Miss Christine Tupper
Belize Arabian Stud Book
P.O. Box 346
Member Report from Belize
REPORT MADE AT 2009 WAHO CONFERENCE:
I apologize in advance for the brevity of my report. My name is Christine Tupper and I am representing the Belize Arabian Stud Book.
Thirty years ago, we started by importing 7 Arabian horses from the USA. Our foundation stock was mostly based on Crabbet and Polish bloodlines. We register foals after parent verification, earlier this was by blood-typing, now by DNA typing. We use California Davis Equine Laboratory to perform the tests and keep the records. We allow Artificial Insemination with imported semen. Our records and our rules and regulations are on a database and WAHO has been sent this. In recent months a new interest in endurance and showjumping has given us cause to attempt to revitalize a dwindling breeding programme. Our neighbouring countries which are as yet without a WAHO-approved Registry have also began to look with favour and interest at the Arabian horse for their sports activities. I personally am eagerly anticipating many new experiences and valuable information to enhance my relatively recent exposure to worldwide activities regarding this ancient breed.
On behalf of Belize Arabian Stud Book I want to thank our gracious hosts His Majesty Sultan Qaboos Bin Said, The Royal Court Affairs, and the Organizing Committee for inviting us to Oman and thank WAHO for their kind and encouraging guidance. Thank you very much.
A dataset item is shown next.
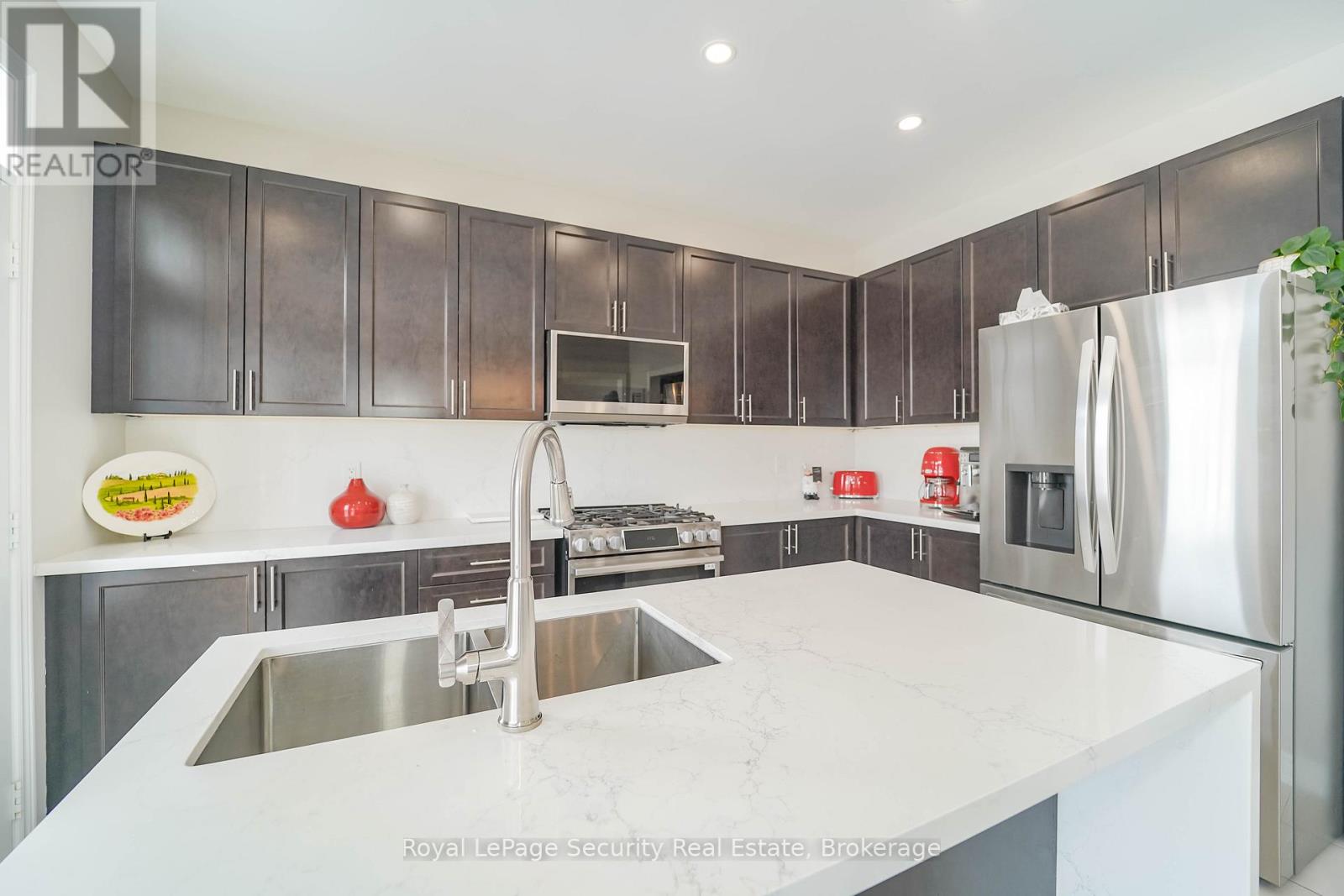 77 Pierce Place, New Tecumseth, Ontario  L0G 1W0 - Photo 8 - N12738334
Belize have only added a very small number of Arabian horses over the past few years, as very few foals are born in Belize, so they have not published any recent supplements to their stud book although they do send out rules and regulations when they are amended and put an addendum sheet in. All foals are parent verified. Artificial insemination and the use of imported transported semen are allowed. Basically, in Belize a few friends really have their horses for fun, there are no shows or competitions but are trying to introduce the breed to newcomers and encourage their use for cross-breeding as well. In 2007 a new Riding Academy has been formed and it is hoped they will use some Arabians for trail riding, dressage, and jumping, with perhaps some endurance rides in the future. Belize stays in close touch with Arabian breeders in the nearby countries of Honduras and Guatemala.